• _TASK ITEM_:
What this exercise needs is every entry restated as written, with no pictures.

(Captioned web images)

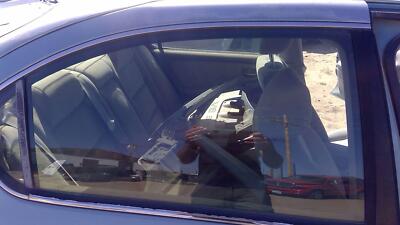 2002 2003 Nissan Maxima Passenger Right Rear Side Window Door Glass Oem Back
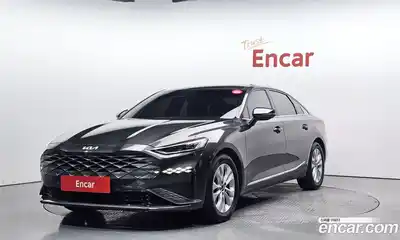 Kia K8, 2022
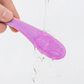 Silicone Face Finger Massager Brush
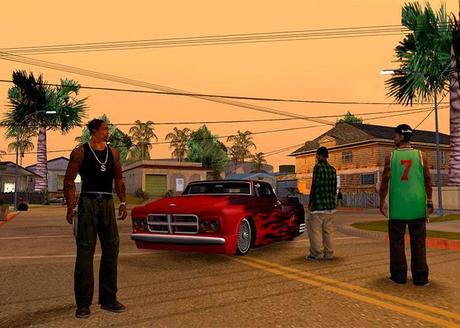 Grand Theft Auto: San Andreas llegará a Android en diciembre San Andreas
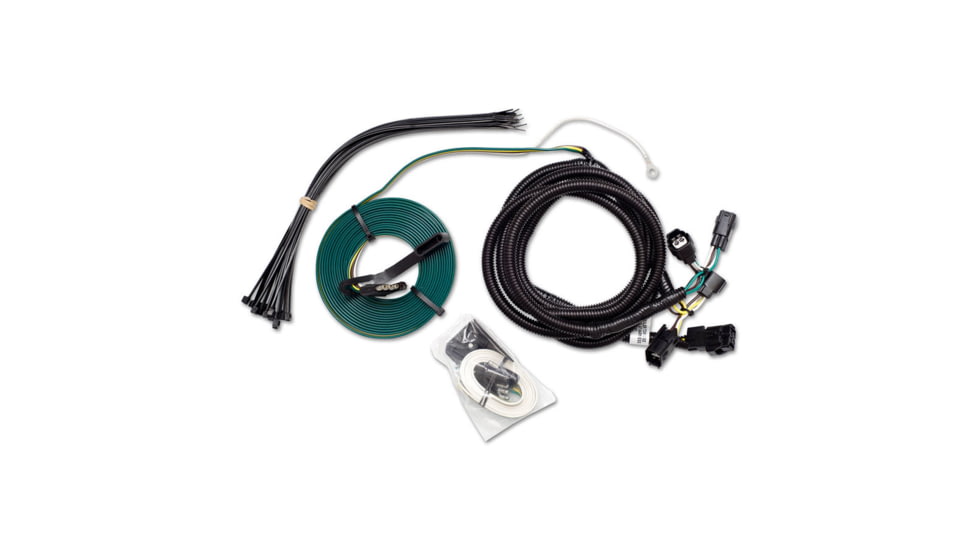 Demco Towed Connector Vehicle Wiring Kit For Dodge Ram 1500 '13 '15, 9523114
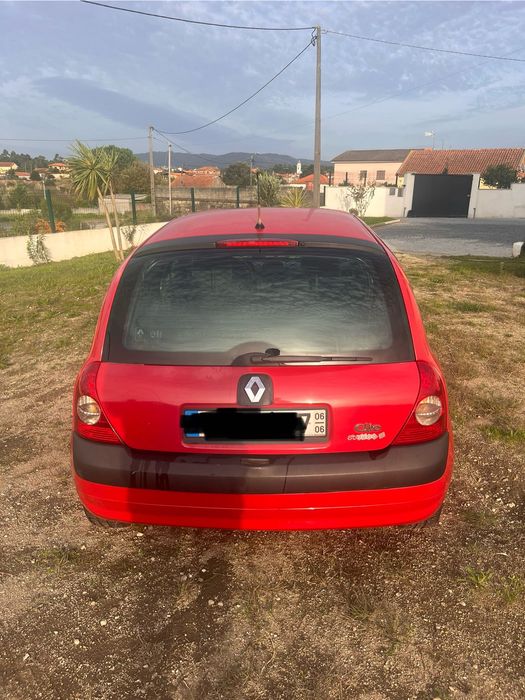 Renault clio dci
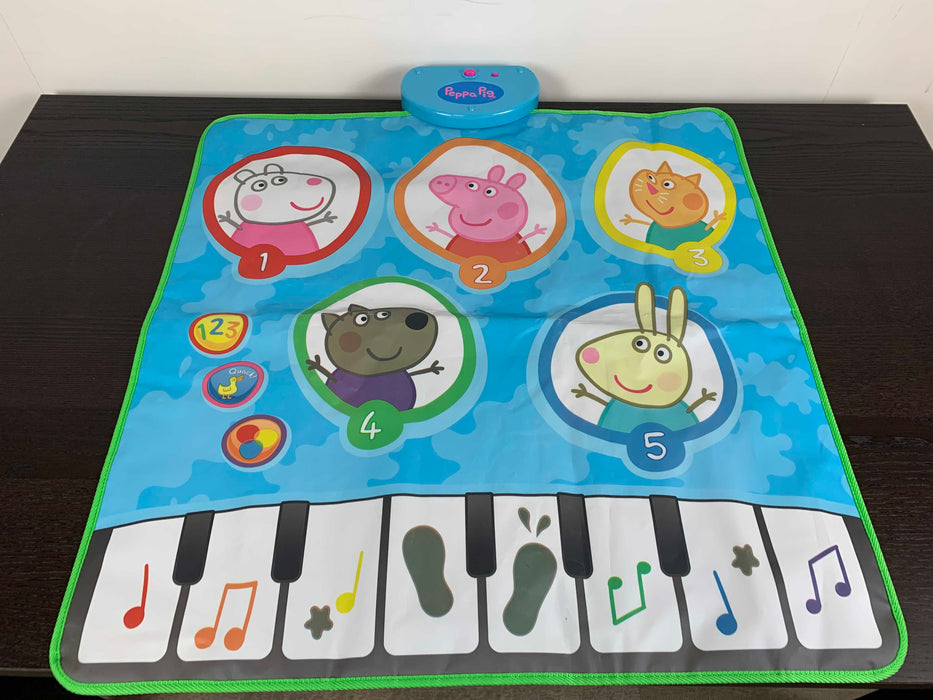 used Peppa Pig Jump ‘n Play Mat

• _ANSWER TO THIS TASK_:
 2002 2003 Nissan Maxima Passenger Right Rear Side Window Door Glass Oem Back
 Kia K8, 2022
 Silicone Face Finger Massager Brush
 Grand Theft Auto: San Andreas llegará a Android en diciembre San Andreas
 Demco Towed Connector Vehicle Wiring Kit For Dodge Ram 1500 '13 '15, 9523114
 Renault clio dci
 used Peppa Pig Jump ‘n Play Mat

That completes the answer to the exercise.